I walked into the empty restaurant, and it took me a minute to adjust to the scene. I swear I heard the dull sound of crickets chirping and had to snap myself out of my disappointment, which was only made worse by the cookie-cutter cuteness of the decor. Had someone come here in advance to prep the space for some kind of cheesy, by-the-books, marriage proposal? or maybe a bridal shower? Why was Frank Sinatra blasting over the cushioned banquets and pastel carnations? Was today Valentine's day?
 
I chose to sit on the covered patio because it was more dimly lit (as you can tell when the flash is off) and more casual than the dining room inside. I stayed warm thanks to the heat lamps built into the ceiling.

Next surprise, the menu. I expected the dishes to be a fusion of these two culinary worlds. Not so much. Instead, expect entirely Italian fare, with the exception of three Korean dishes.

I ordered one of them. The seafood pancake.
With shrimp, scallop, and octopus in an egg pancake with leafy greens and a sweet and (mildly) spicy sesame dressing, this dish was light and fluffy, but also copious. I enjoyed it enough that it brought me out of my funk.

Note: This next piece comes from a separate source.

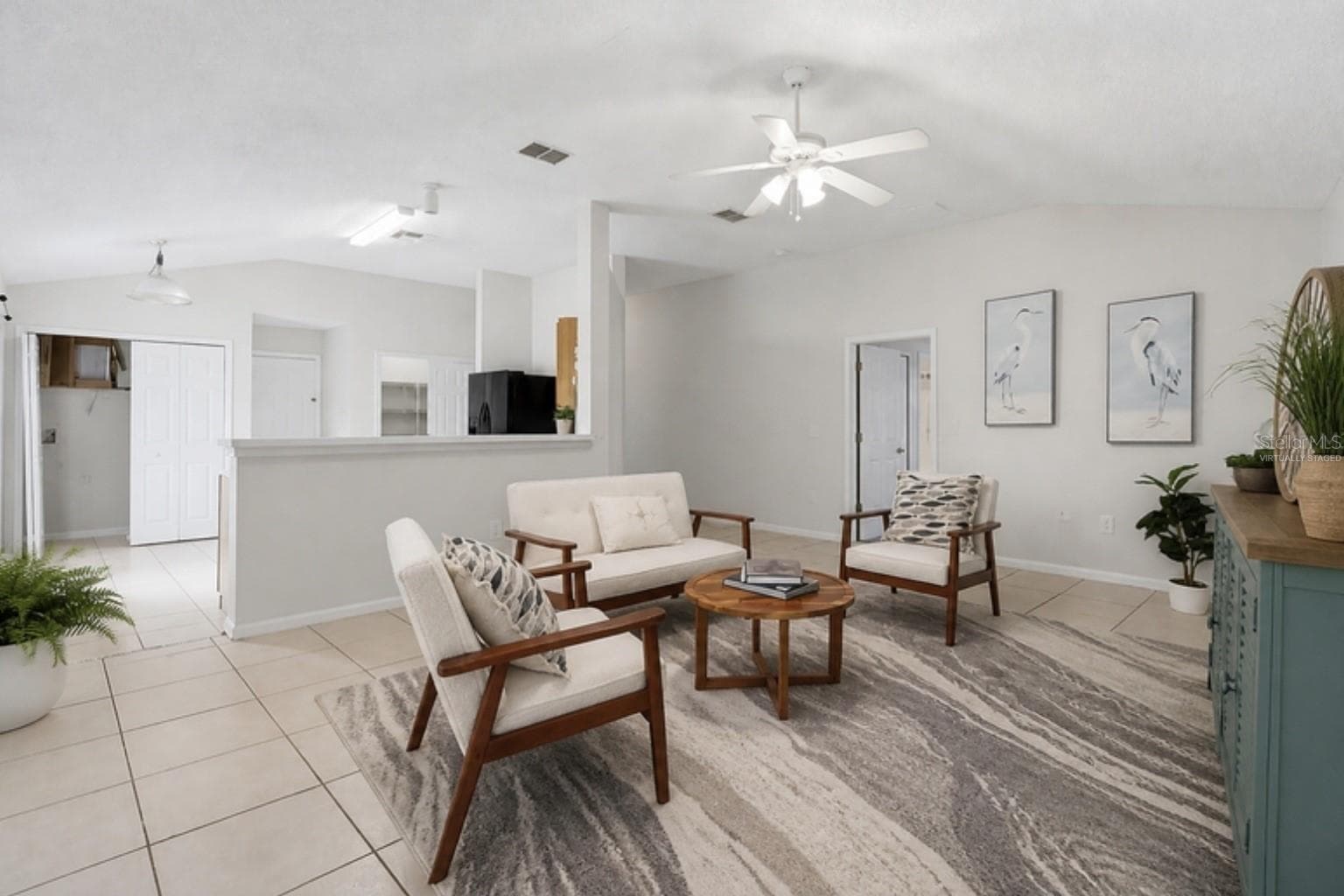 Virtually staged with the home's actual furniture - living room - 3 LOUVET LN, PALM COAST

Next, mussels and clams in a tomato sauce with chunks of garlic and tomato. I am partial to the white wine, butter combination for mussels, but this was better suited for the cold night and was very good. The presentation was clean and modern.
The agnolotti pasta was filled with a puree of veal, pork and beef and came in a creamy mushroom sauce that could make you weak in the knees. The pasta must have been handcrafted with great care because it was paper thin and practically dissolved away to reveal the delicately smooth puree of the meat. The flavors were your traditionally Italian meat and mushroom, but the texture was new and unique for me. The puree of meat was as soft as ricotta and soaked up the cream of  mushroom to create a fluidity of flavors.
The oven baked, salt crusted, sea bass fillet with herb infused pernod was quite a production. The sea bass arrived at the table under a mound of baked salt and covered in sprigs of rosemary and thyme. Our waiter set a flame to the pernod-soaked herbs which was not only nice to watch but also enhanced their lovely scent. After removing the fish from it's salt igloo, we saw it had also been wrapped in sesame leaves. The fish was then served on a plate of vegetables.
After the extensive display of culinary prowess, I was ready for some depth of flavor. The fish was strangely bland after all. The veggies were good but the baby carrots were still crunchy and needed a few more minutes in the steamer.

For dessert was the polenta cake with roasted figs and poached pear.
There were dollops of fig cream with the polenta and a poached pear coulis on the plate.
The polenta was savory and the cream was sweet so together they were a beautiful balance. The texture was both richly grainy and creamy, which made this dessert really memorable.

I felt the experience was a little too contrived, and it seemed desperate. There are some stellar dishes on the menu, but the ambiance is not my scene. It felt like I had decided to eat at The Grove, but not even the tourists showed up.